• AIM OF THE TASK:
Reproduce exactly, leaving out pictures, each line from the one holding "Photo 78 of" through the final line of the listing, and add nothing.

• SOURCE MATERIAL:
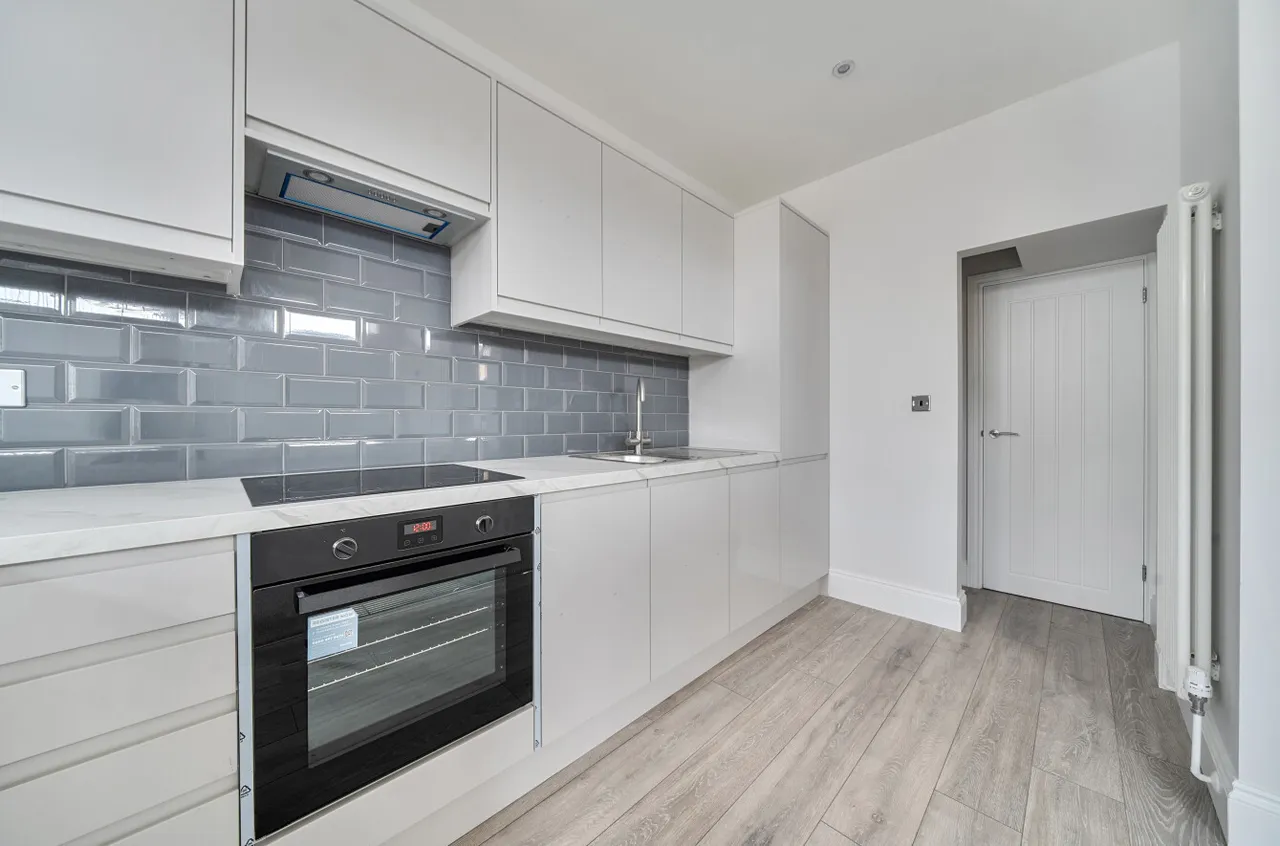 Pickford Lane, Bexleyheath, DA7, photo 15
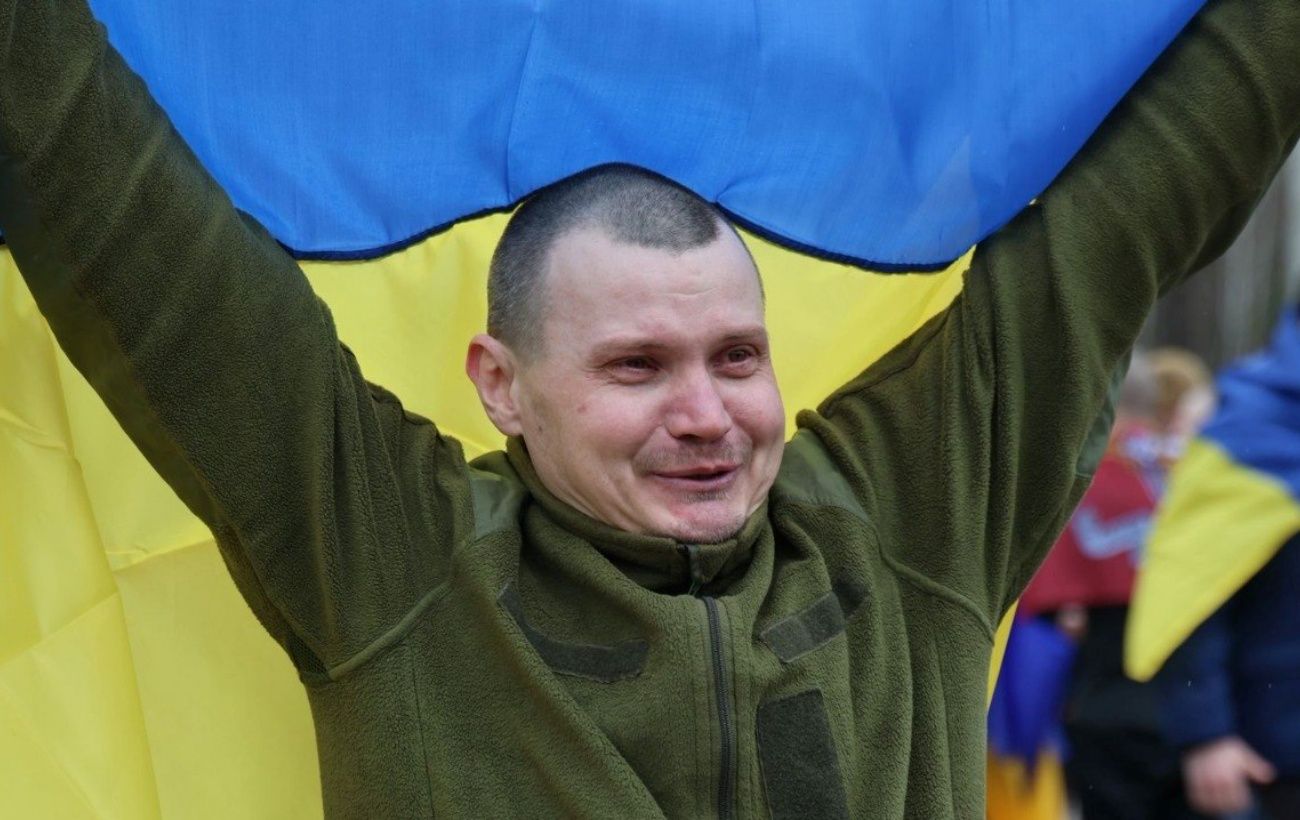 Зображення новини: Наші вдома: репортаж РБК-Україна з обміну полоненими 11 квітня (відео)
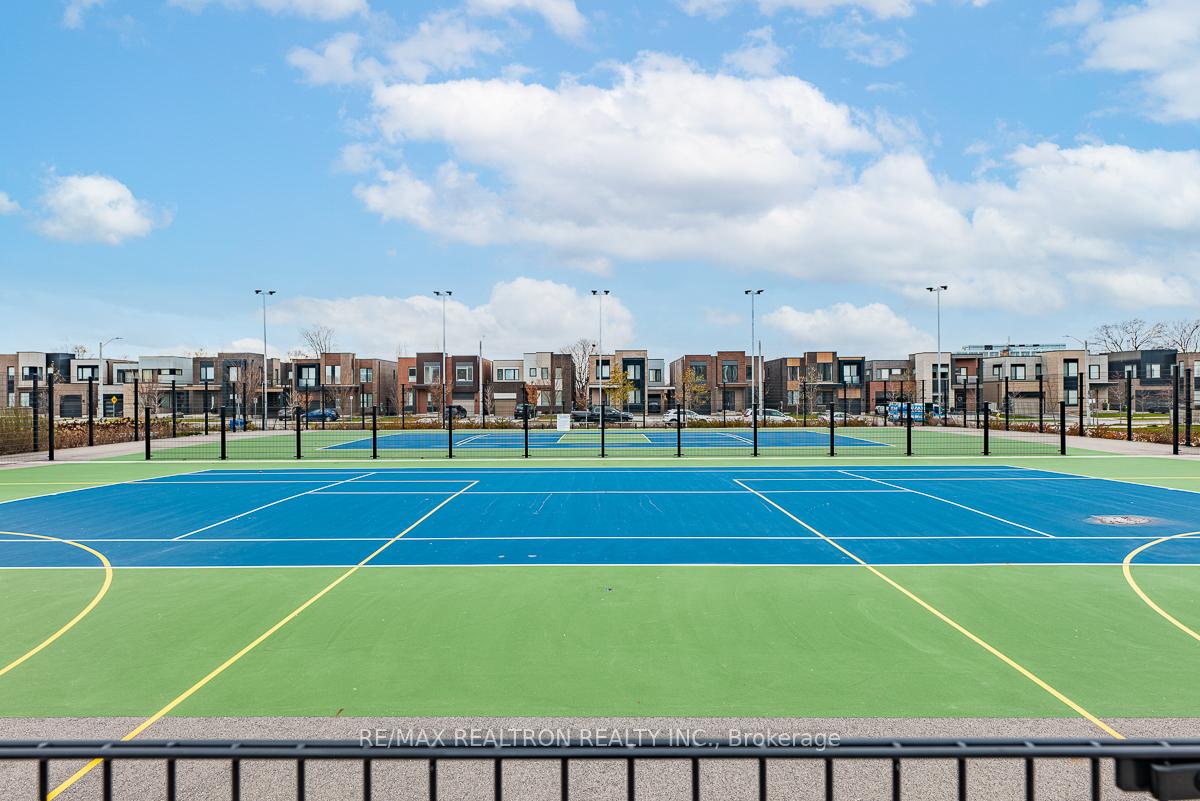 Photo 78 of 213 Downsview Park Boulevard, North York, Downsview-Roding-CFB — HOMEH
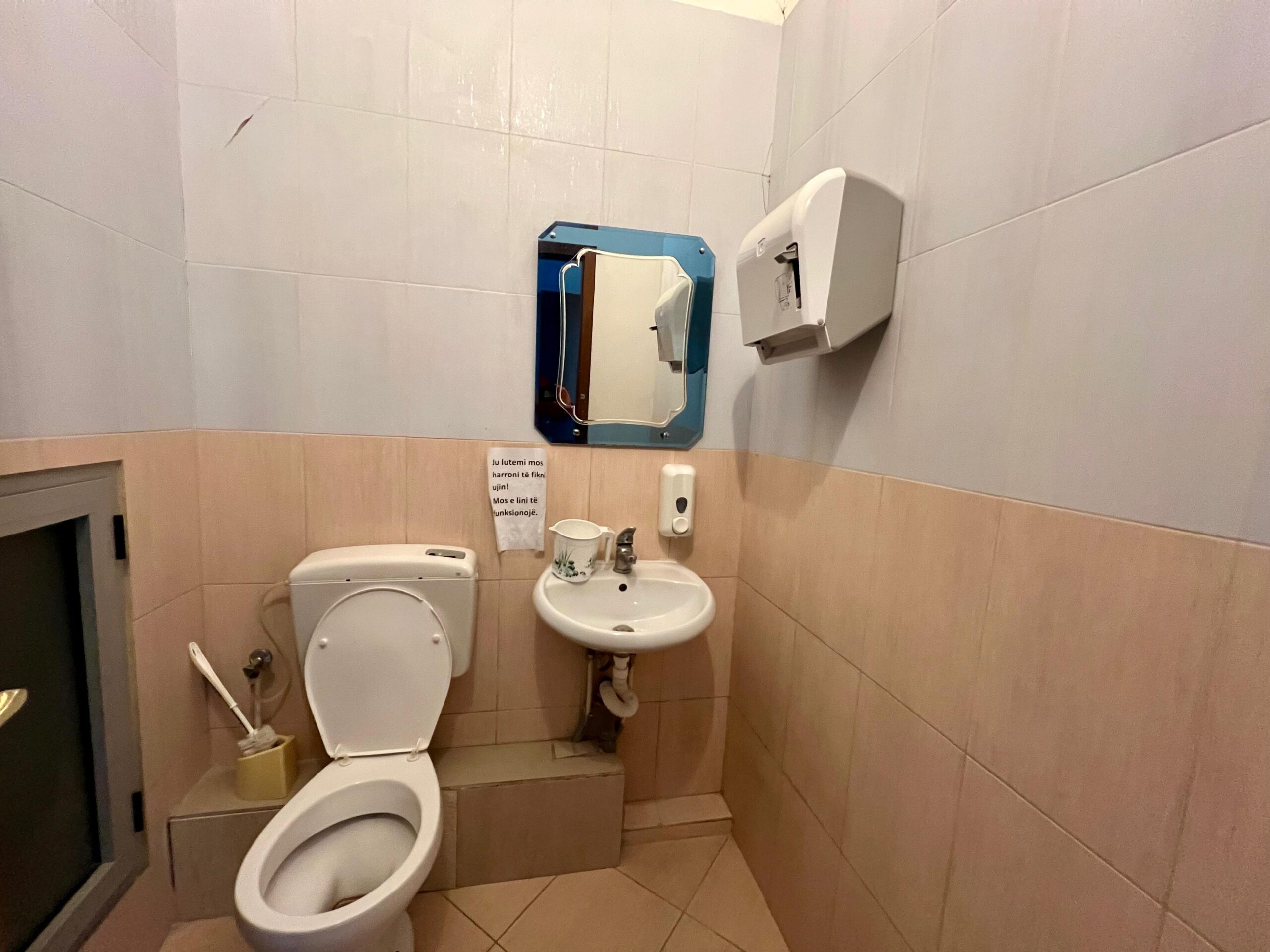 Qira, Ambient Biznesi Pazari i Ri Tiranë 500 Euro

• EXERCISE SOLUTION:
 Photo 78 of 213 Downsview Park Boulevard, North York, Downsview-Roding-CFB — HOMEH
 Qira, Ambient Biznesi Pazari i Ri Tiranë 500 Euro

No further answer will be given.